Sony Pakhrin

Personal information
- Full name: Sony Pakhrin
- Born: 2 November 2007 (age 18) Bagmati, Nepal
- Batting: Right handed
- Bowling: Right-arm medium
- Role: All-rounder

International information
- National side: Nepal;
- T20I debut (cap 33): 18 November 2023 v Japan
- Last T20I: 19 November 2023 v Japan

Domestic team information
- 2022-present: Bagmati Province

Career statistics
| Competition | WT20I |
| Matches | 2 |
| Runs scored | 0 |
| Batting average | 0.00 |
| 100s/50s | 0/0 |
| Top score | 0 |
| Balls bowled | 30 |
| Wickets | 1 |
| Bowling average | 10.00 |
| 5 wickets in innings | 0 |
| 10 wickets in match | 0 |
| Best bowling | 1/2 |
| Catches/stumpings | 0/– |
- Source: Cricinfo, 1 January 2025

= Sony Pakhrin =

Nepali cricketer

Sony Pakhrin (साेनी पाख्रिन; born 2 November 2007) is a Nepalese cricketer who plays for the Nepal women's national cricket team.

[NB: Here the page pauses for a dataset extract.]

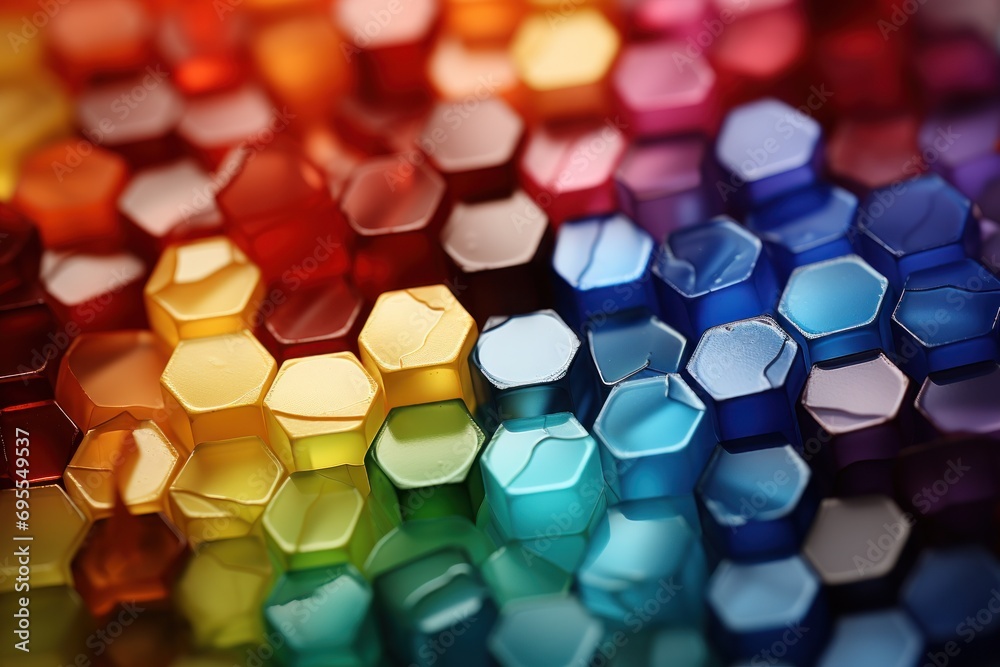 a close up of a multicolored hexagonal pattern of hexagonal glass hexagonal glass hexagonal glass hexagonal glass hexagonal glass hexagon hexagon hexagon hexagon hexagon hexagon hexagon hexa. a close up of a multicolored hexagonal pattern of hexagonal glass hexagonal glass hexagonal glass hexagonal glass hexagonal glass hexagon hexagon hexagon hexagon hexagon hexagon hexagon hexa.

She has been serving as the Nepal under-19 vice captain of the team since 23 October 2024.
She began playing cricket at a young age. She quickly rose through the ranks and was selected to represent the Bagmati. She has been a key player in the team's success in various tournaments.

== International career ==
She made her Twenty20 International (T20I) debut against Japan women's team during the Women's T20 Quadrangular Series held at Wong Nai.